== Record excerpts

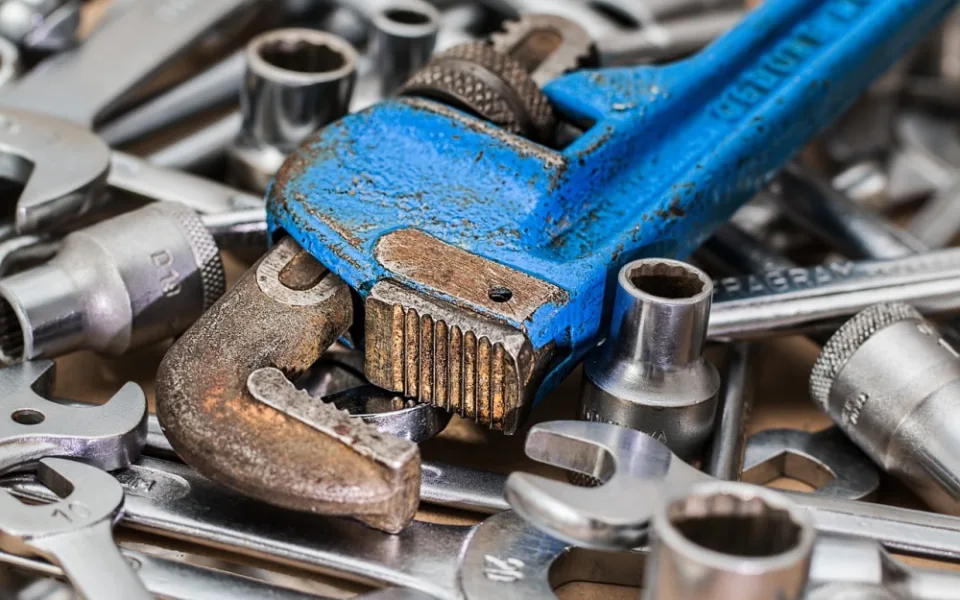 Při opravě hydraulického ramene zahynul devětačtyřicetiletý muž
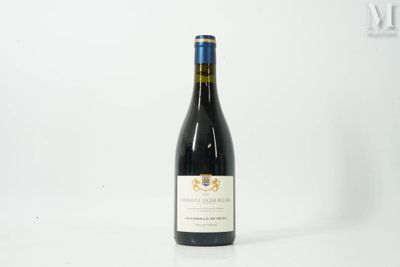 une bouteille de vin posée sur une table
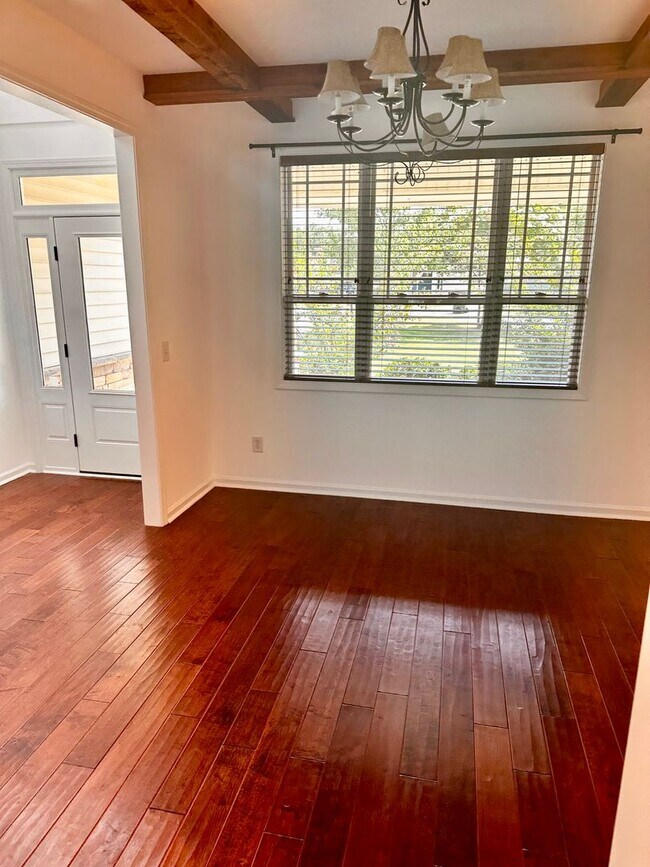 Building Photo - Welcome Home! 3BR, 2.5BA Cul-de-sac house ...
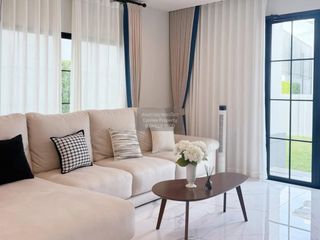 For rent 4 bedrooms house in Khan Na Yao, Bangkok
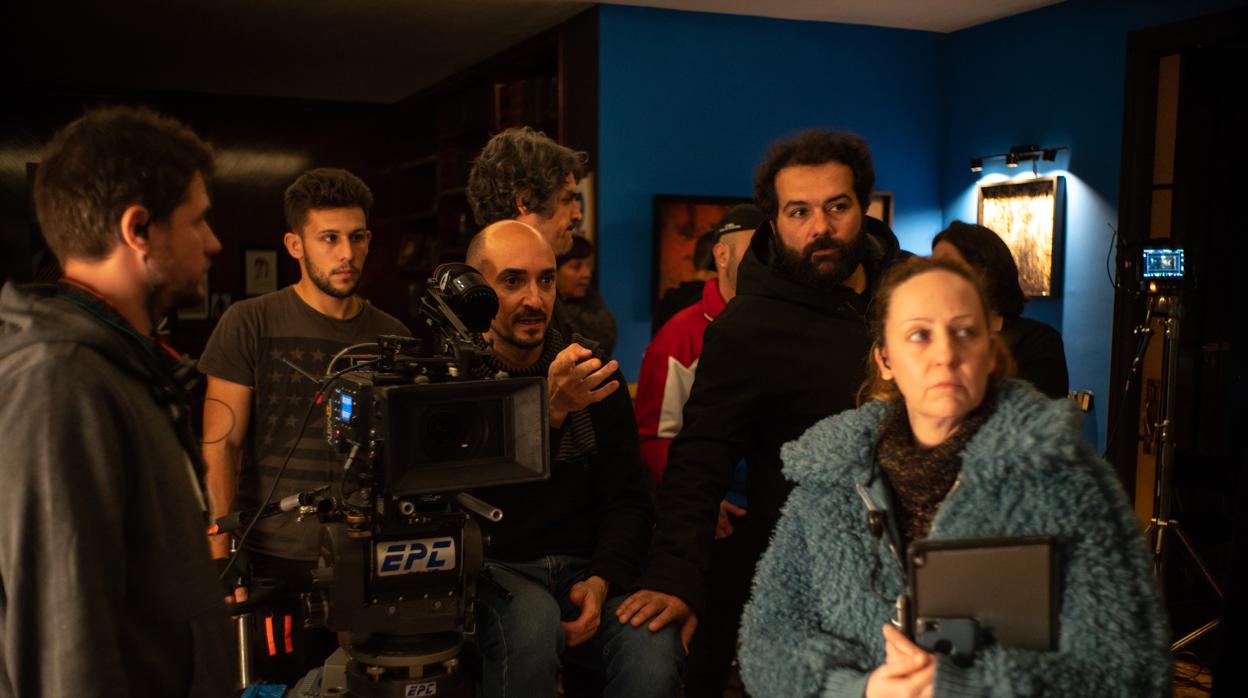 El actor y director Alfonso Sánchez, junto al equipo, en el set de la película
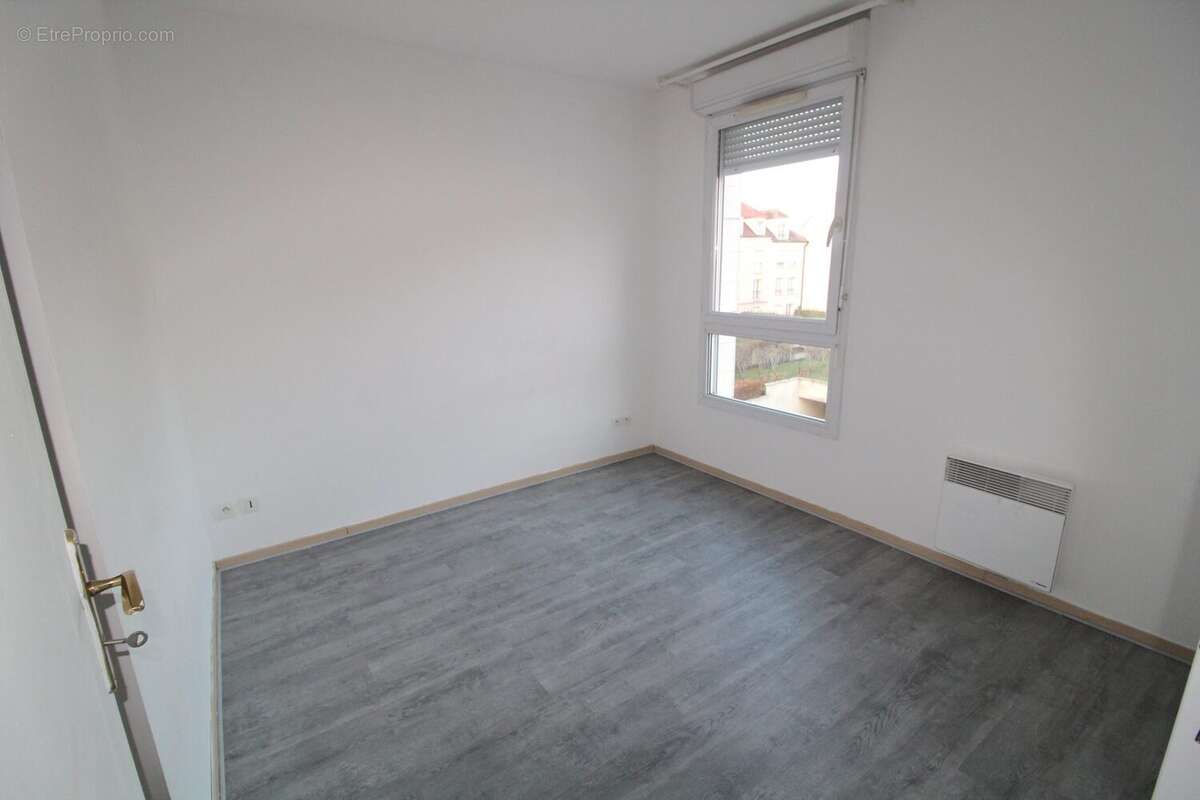 Appartement à MONTIGNY-LE-BRETONNEUX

====

Reproduce the listing exactly. Do not include its images.

 Při opravě hydraulického ramene zahynul devětačtyřicetiletý muž
 une bouteille de vin posée sur une table
 Building Photo - Welcome Home! 3BR, 2.5BA Cul-de-sac house ...
 For rent 4 bedrooms house in Khan Na Yao, Bangkok
 El actor y director Alfonso Sánchez, junto al equipo, en el set de la película
 Appartement à MONTIGNY-LE-BRETONNEUX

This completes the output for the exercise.